Among the GC contenders Primož Roglič is the best pick, he won a string of time trials last year and the course suits with the mix of fast roads and climbing. He should pull ahead of Tadej Pogačar on the flat, with the UAE Emirates rider still likely to be well in the top-10 today. Yes Pogačar won the Slovenian title in June but that was all uphill. Jumbo-Visma have other options, Tom Dumoulin would be an obvious pick but has folded in to help Roglič as his form’s not so strong but this is his kind of stage, while Wout van Aert has to be a contender as well, look to see if he can set the fastest time to the second checkpoint and how much he can hold on up the climb.
Among the other GC contenders Richie Porte will really like this stage and is an outsider for the stage win and he’s got the carrot of the podium if he can reclaim 99 seconds on Miguel Angel Lopez, that’s a tough ask at almost 3 seconds per kilometre. The Colombian can blow hot and cold in the time trials but has improved in the last two years, is in form and thrives in the final week of a grand tour.

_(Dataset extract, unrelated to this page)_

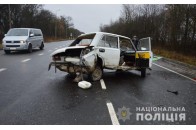 Повідомили подробиці ДТП на Волині, у якій зіткнулись три авто та постраждала жінка (фото)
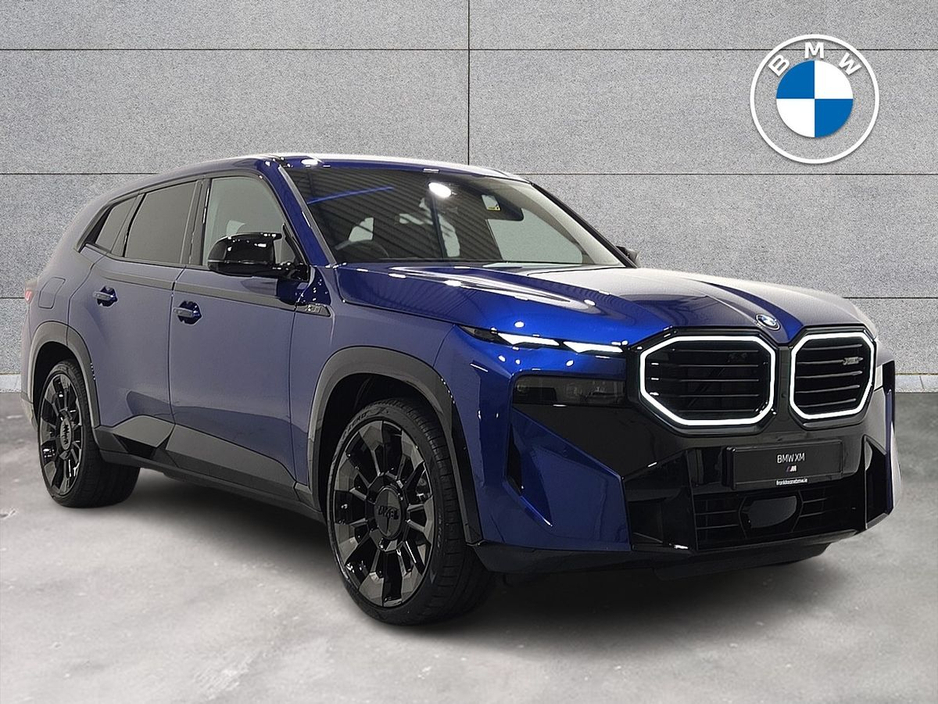 2026 BMW XM 3L Petrol Plug-in Hybrid For Sale Images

- Bike changes are permitted but there is no dedicated zone for mechanics to wait in, instead any change must be done via the team car and the commissaires will be watching for pushes longer than five seconds. It can make sense to change bikes, to ditch the TT bike with a heavier frame, heavier wheels, heavier bars but it’s also a bad look for bike sponsors, it’s broadcasting their TT bikes are slow uphill. It’s down to rider taste as well, when Tom Dumoulin won the TT Worlds in Bergen he didn’t swap bikes for the climb to Fløyen but plenty of others did and are likely to do it today, it’s a longer climb than Fløyen
- KoM: Carapaz leads the mountains competition with 74 points, ahead of Pogačar (72 points) and Roglič (67 points). The final climb is timed and the fastest six riders get 10-8-6-4-2-1 points respectively so Carapaz is likely to use the first 30km today as an extended warm-up to save himself for his fastest possible time up the climb. Can he do it? Probably, he’s excellent at a 20 minute effort but there’s a matrix of outcomes. If there’s a tie on points then Carapaz wins as he’s won two HC category climbs, the Madeleine and the Glières, to Pogačar’s Grand Colombier.

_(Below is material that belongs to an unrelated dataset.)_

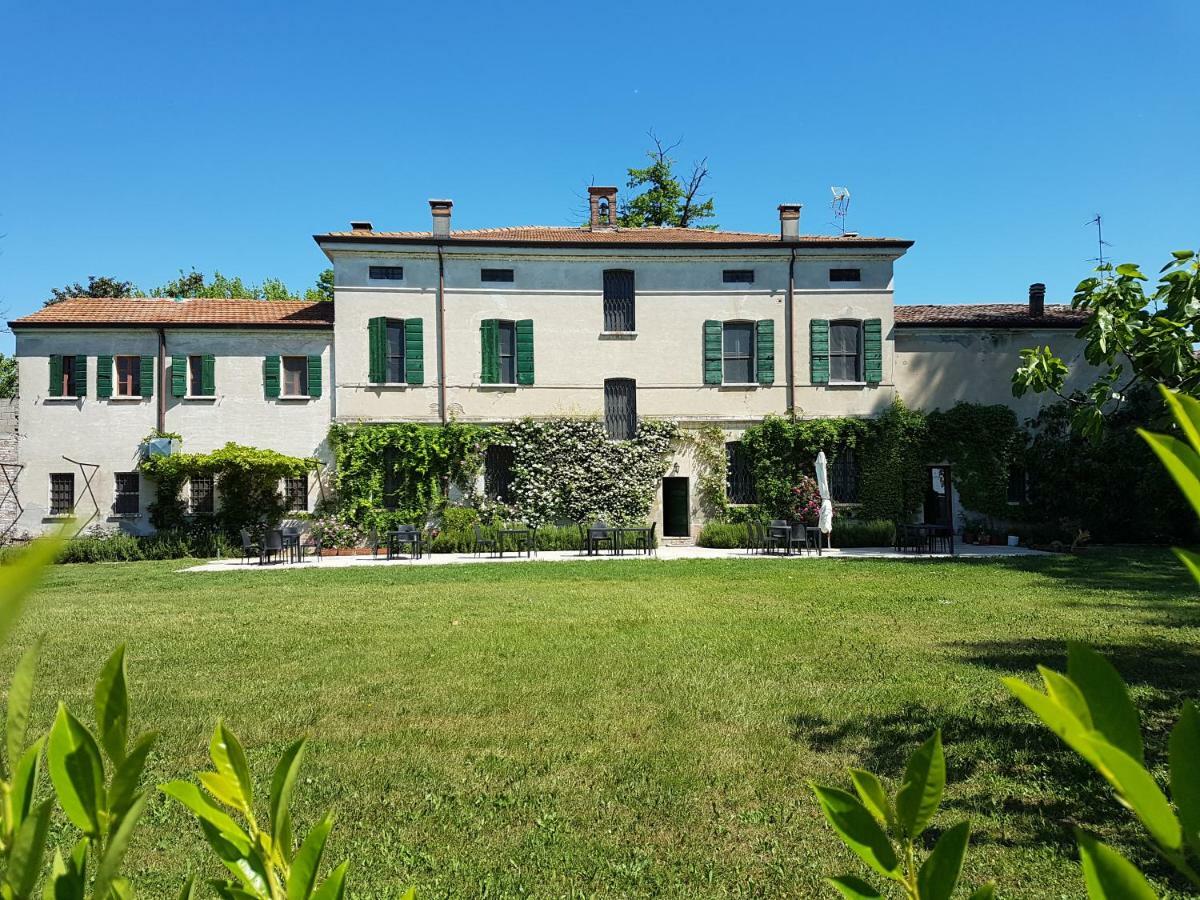 Corte Malpensata Bigarello Buitenkant foto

|Richie Porte, Wout van Aert|
|Dumoulin, Martinez, Kämna, Asgreen, Schachmann|
Weather: turning cloudy and a band of rain is due to pass over the course in the afternoon, a top temperature of 23°C.
TV: the show starts with lanterne rouge Roger Kluge off at 1.00pm CEST and riders go at 90 second intervals at first and then every two minutes for the last 75 riders. Roglič starts at 5.14pm and should finish around 6.00pm CEST.